1 file changed (+22 additions, -3 deletions)

View changed files

📝 tinytorch/src/15_quantization/15_quantization.py (+22 -3)

📄 Description

What this fixes

quantize_int8() in src/15_quantization/15_quantization.py has a special case for constant tensors (all elements equal, so max == min). The guard exists to avoid division by zero when computing scale. It sets scale=1.0 and zero_point=0, then returns an all-zeros INT8 tensor.
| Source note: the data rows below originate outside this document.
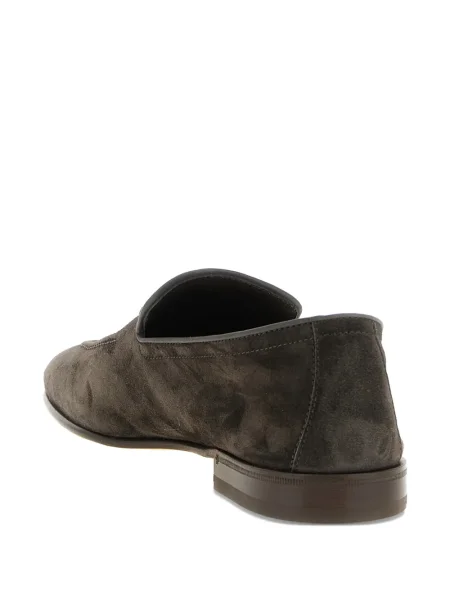 Pantofi loafer Brunello Cucinelli gri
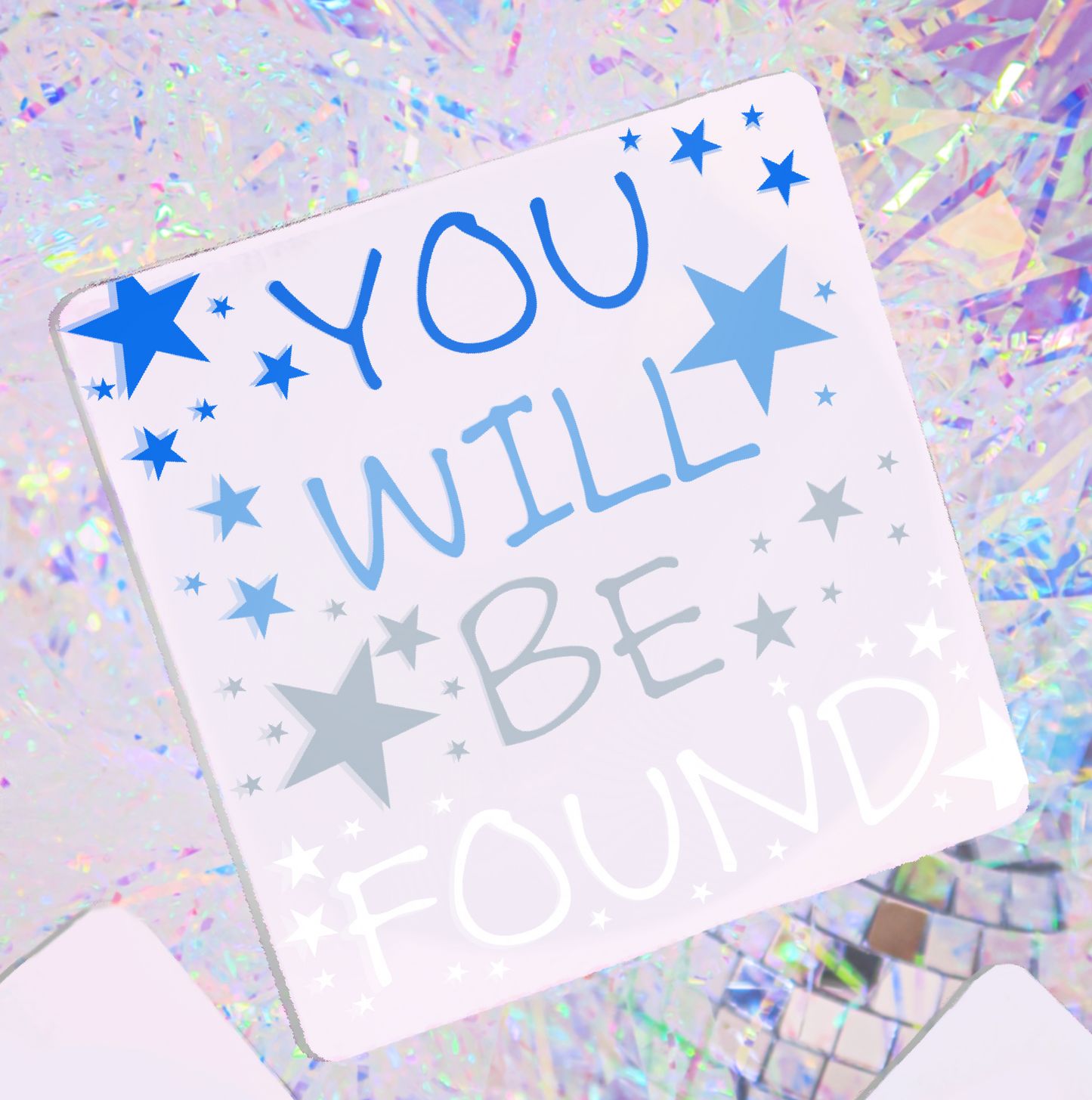 You Will Be Found - Dear Evan Hansen Coaster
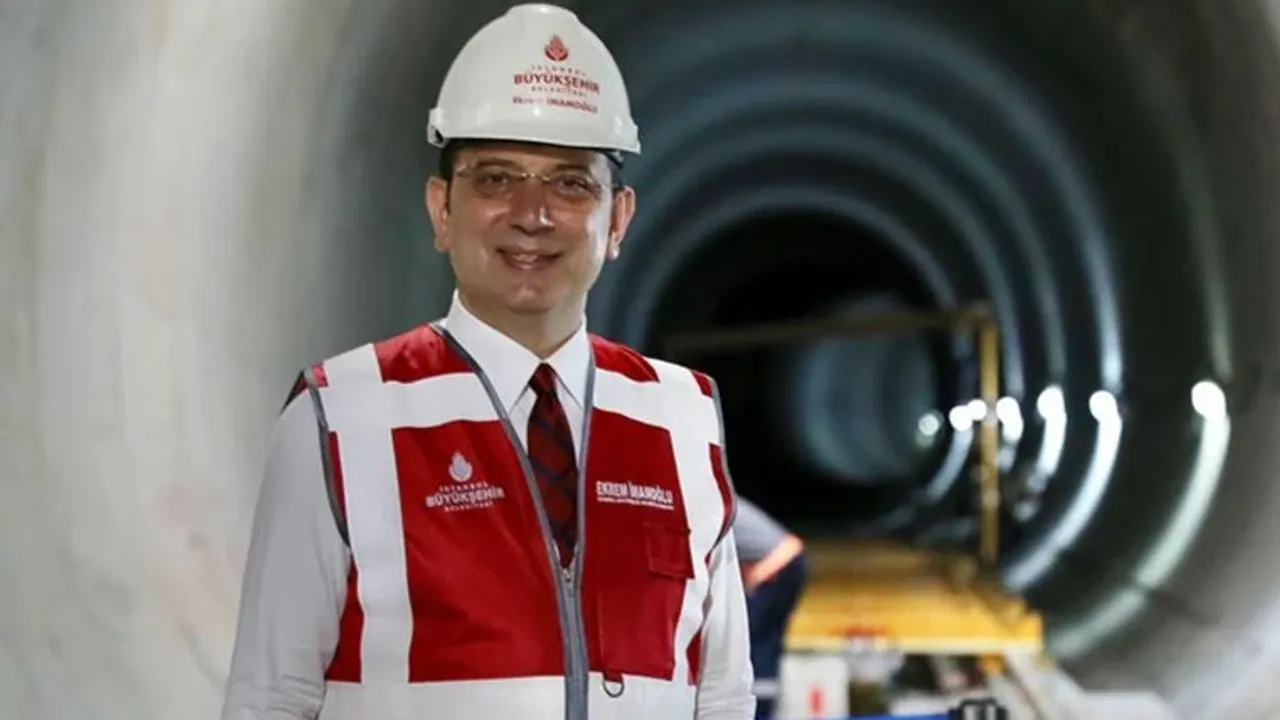 İBB Başkanı İmamoğlu: İstanbul rekor düzeyde metroya sahip olacak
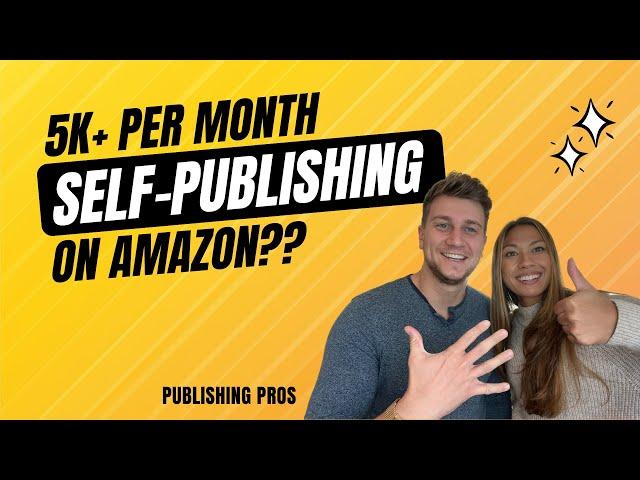 Amazon KDP for Beginners - How to Self-Publish Your First Book, Free Step-By-Step Course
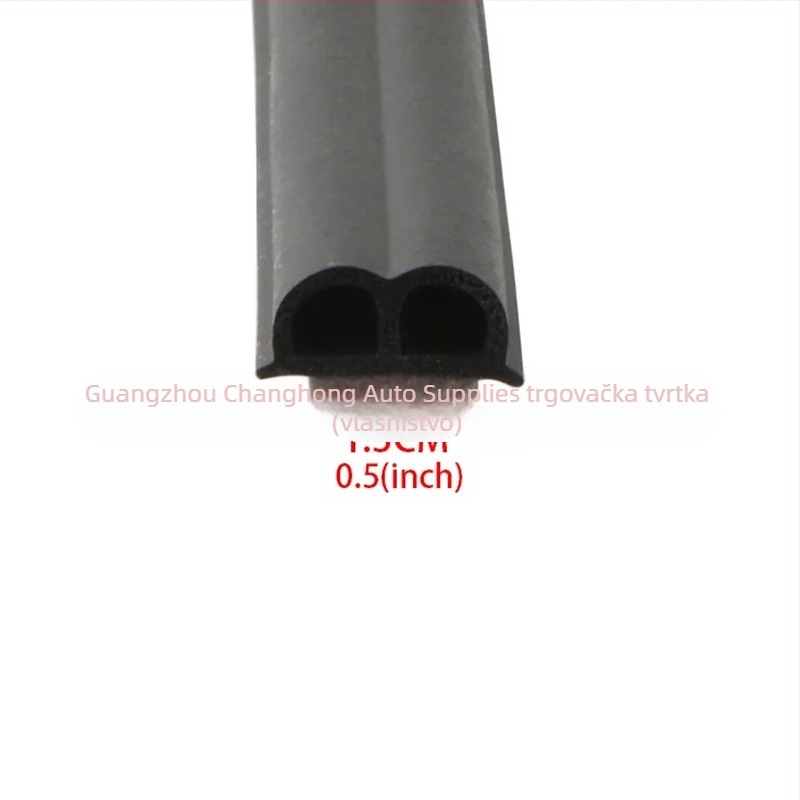 Automobilski gumeni brtveni trak B-tip, samoljepljiv, model B Type, marka Always Red, opća kompatibilnost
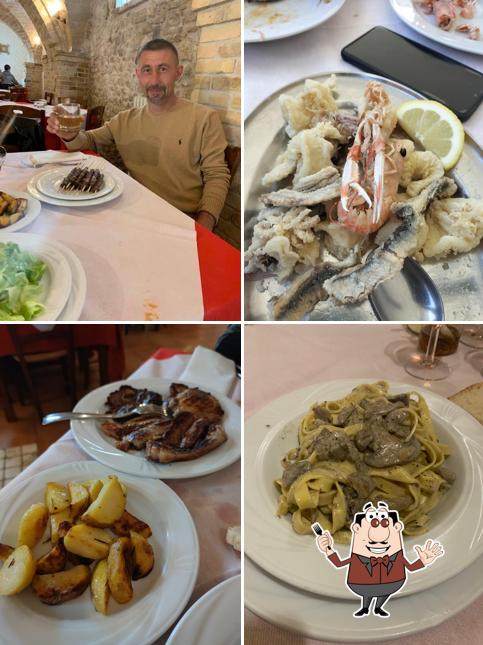 Cibo al Agriturismo IL COLLE DELLE DELIZIE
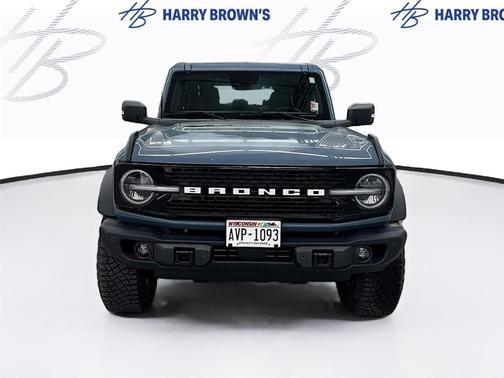 Blue 2023 Ford Bronco Base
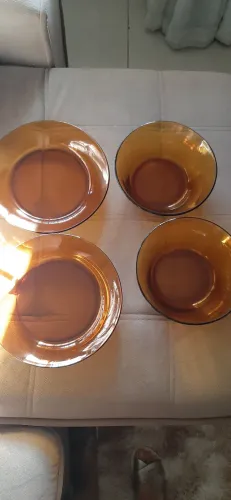 Duralex tijelas e travessas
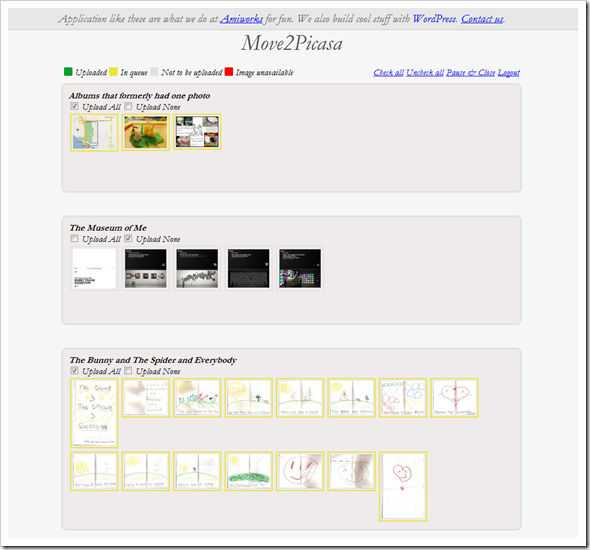 Move2Picasa | Copy Facebook Photos to Picasa, Google Plus | 40Tech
On dequantization the formula is (quantized - zero_point) * scale. With quantized=0, zero_point=0, scale=1.0 that gives 0.0 for every element -- the original constant value is gone.

# Before fix
constant_tensor = Tensor([[5.0, 5.0]])
q, scale, zp = quantize_int8(constant_tensor)  # scale=1.0, zp=0, q=[[0,0]]
restored = (q.data - zp) * scale               # [[0.0, 0.0]]  -- wrong, should be 5.0

Any weight tensor that happens to be uniform (e.g. a bias layer initialised to a constant, or a frozen embedding) is silently zeroed out after quantization. No error is raised.

Root cause

The contributor correctly avoided the division-by-zero when max == min, but forgot that zero_point must encode the constant so dequantization can recover it. The invariant is:

(0 - zero_point) * scale == original_constant
=> zero_point = -original_constant / scale

With scale=1.0 this simplifies to zero_point = round(-min_val), clamped to [-128, 127].

Fix

# After fix
zero_point = int(np.clip(np.round(-min_val), INT8_MIN_VALUE, INT8_MAX_VALUE))

Dequantization now correctly recovers the constant:

(0 - zero_point) * 1.0 == min_val  # holds for any constant in [-128, 127]

Test gap closed

The existing unit test only asserted scale_const == 1.0 and never verified the roundtrip. That is why this survived undetected. The updated test explicitly dequantizes and asserts value recovery for both positive and negative constants.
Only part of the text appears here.